| Instructions for the task |
The exact lines of the listing, from its first through the line that contains "Marokko - 1911", are to make up the answer, and pictures are to be left out.
*** Record set Section Begins ***
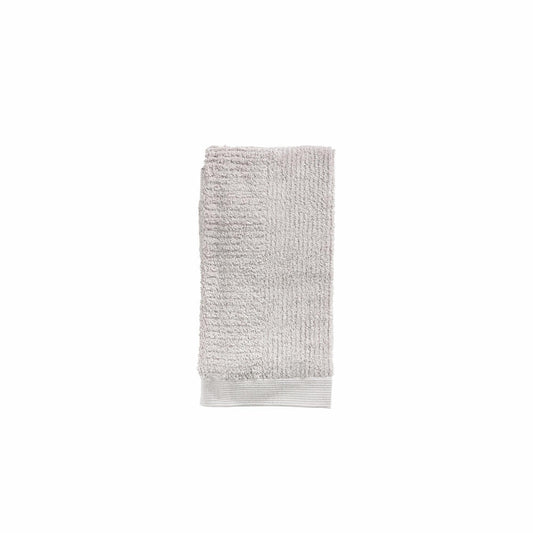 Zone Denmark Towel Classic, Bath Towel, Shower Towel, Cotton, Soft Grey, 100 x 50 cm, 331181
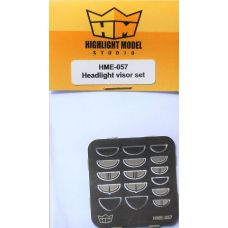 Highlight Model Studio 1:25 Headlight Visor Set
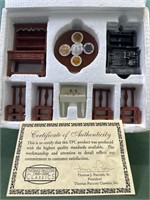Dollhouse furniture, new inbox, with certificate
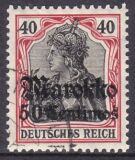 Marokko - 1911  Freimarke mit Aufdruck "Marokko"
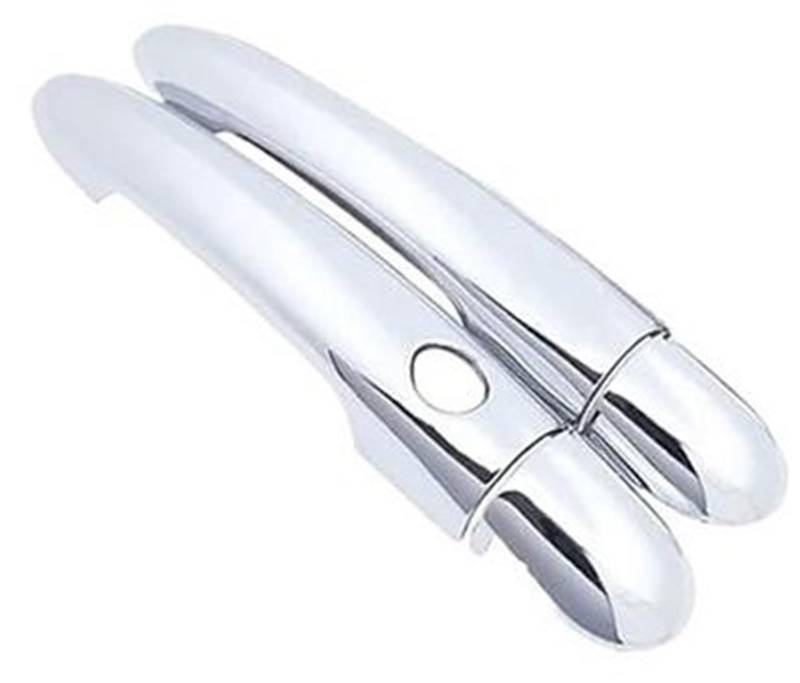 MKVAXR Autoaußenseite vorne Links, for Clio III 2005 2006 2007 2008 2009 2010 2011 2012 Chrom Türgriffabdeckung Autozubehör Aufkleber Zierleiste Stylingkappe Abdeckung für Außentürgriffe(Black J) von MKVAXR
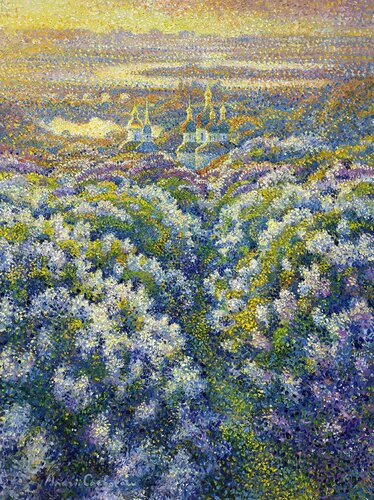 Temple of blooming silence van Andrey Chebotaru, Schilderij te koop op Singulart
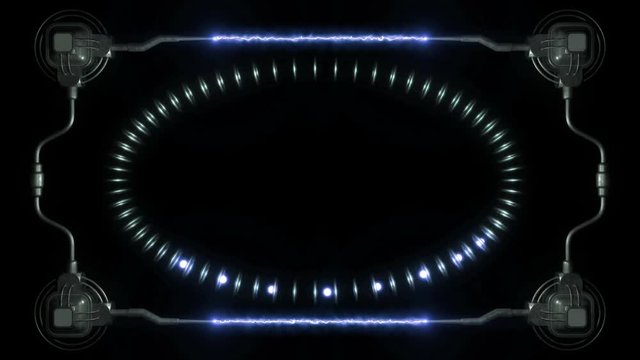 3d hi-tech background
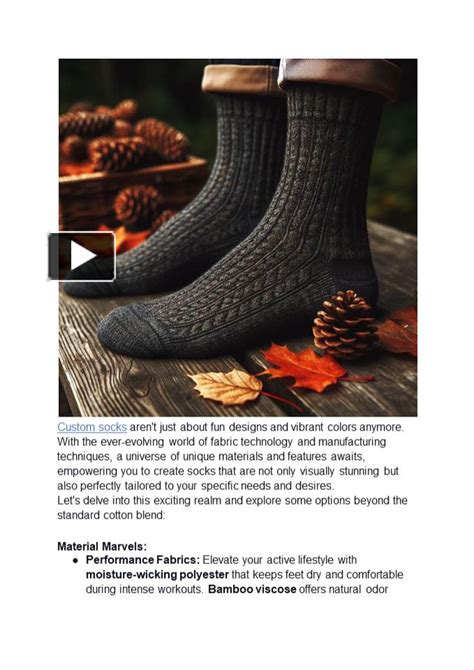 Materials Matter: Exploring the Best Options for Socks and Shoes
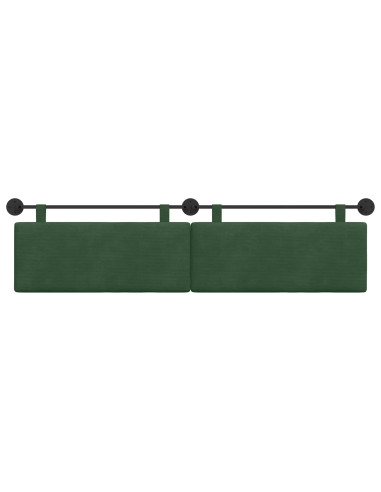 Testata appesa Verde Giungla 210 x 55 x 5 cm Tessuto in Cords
*** Record set Section Ends ***
| Solution |
 Zone Denmark Towel Classic, Bath Towel, Shower Towel, Cotton, Soft Grey, 100 x 50 cm, 331181
 Highlight Model Studio 1:25 Headlight Visor Set
Dollhouse furniture, new inbox, with certificate
 Marokko - 1911  Freimarke mit Aufdruck "Marokko"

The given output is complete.